Or to make everyone happy you could switch to the 1 1/8 ounce game load that is $69 a case at cabelas....


----------



## Fish Jockey (Mar 16, 2005)

*Rio's*

Rio is a good load. Only down fall is the dirty burning powder.
G.


----------



## panhandler (Aug 1, 2013)

They have 1, 1 1/8, and 1 1/4 at Academy for $54.90, just make sure to read the case and check the individual boxes to make sure all are what you want, not going to find them anywhere else for less and I bet they don't restock, one time deal


----------



## catfishinbeerdrinkin (May 3, 2011)

osoobsessed said:


> Switch to a full choke if they are flying that high, watch your lead and adjust from there.
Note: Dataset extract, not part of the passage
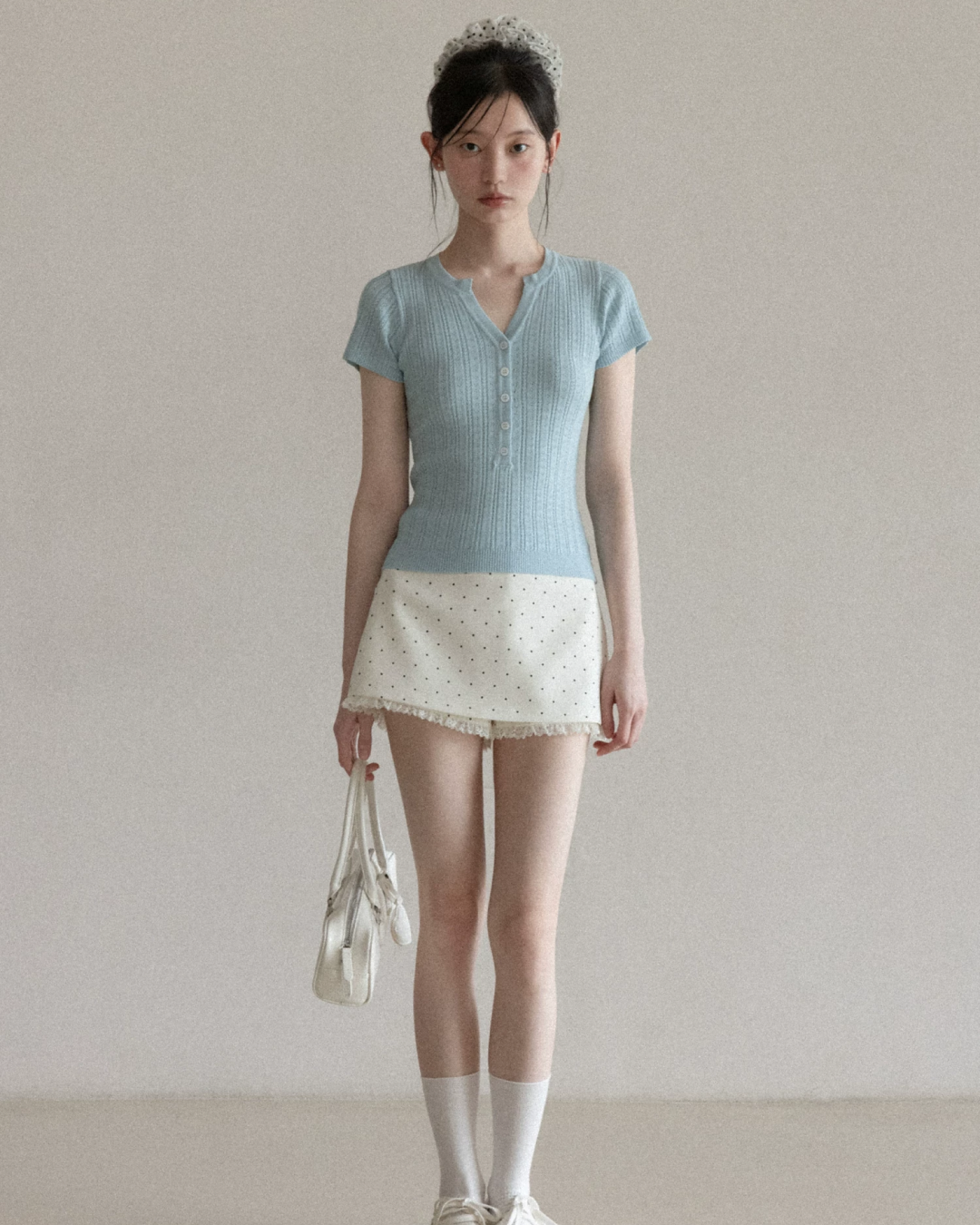 V-neck Button Blue Knit & Polka Dot Short Pant CA0041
Cheers.
> 
> I use a full choke to


----------



## nate56 (Dec 11, 2010)

panhandler said:


> They have 1, 1 1/8, and 1 1/4 at Academy for $54.90, just make sure to read the case and check the individual boxes to make sure all are what you want, not going to find them anywhere else for less and I bet they don't restock, one time deal


You need to go back and buy every 1-1/4 ounce Rio you see if it was that cheap and if it was high brass... that's way below cost..


----------



## catfishinbeerdrinkin (May 3, 2011)

That ain't no lie


----------



## Capt. Marcus Canales (Aug 25, 2005)

catfishinbeerdrinkin said:


> osoobsessed said:
> 
> 
> > Switch to a full choke if they are flying that high, watch your lead and adjust from there. Cheers.
> ...


----------



## SSST (Jun 9, 2011)

I was at the Victoria Academy a couple of hours ago and ALL the cases that were 54.90 there were 1 oz shot, I looked for a little while then asked an employee and he confirmed. So yeah, if you actually saw some 1 1/4 you better stock up before they realize their mistake.


----------



## kweber (Sep 20, 2005)

cheapos for me.. more shootin'...
teal, too... a limit in 10min sux...
hell, I'd put a blank in onct' while loaded by my hentes jus' for fun....
where's the fun w/15 shells/limit....


----------



## nate56 (Dec 11, 2010)

is that English...:biggrin:


----------



## Capt. Marcus Canales (Aug 25, 2005)

nate56 said:


> is that English...:biggrin:


For weber....ya.....but you gotta know him. 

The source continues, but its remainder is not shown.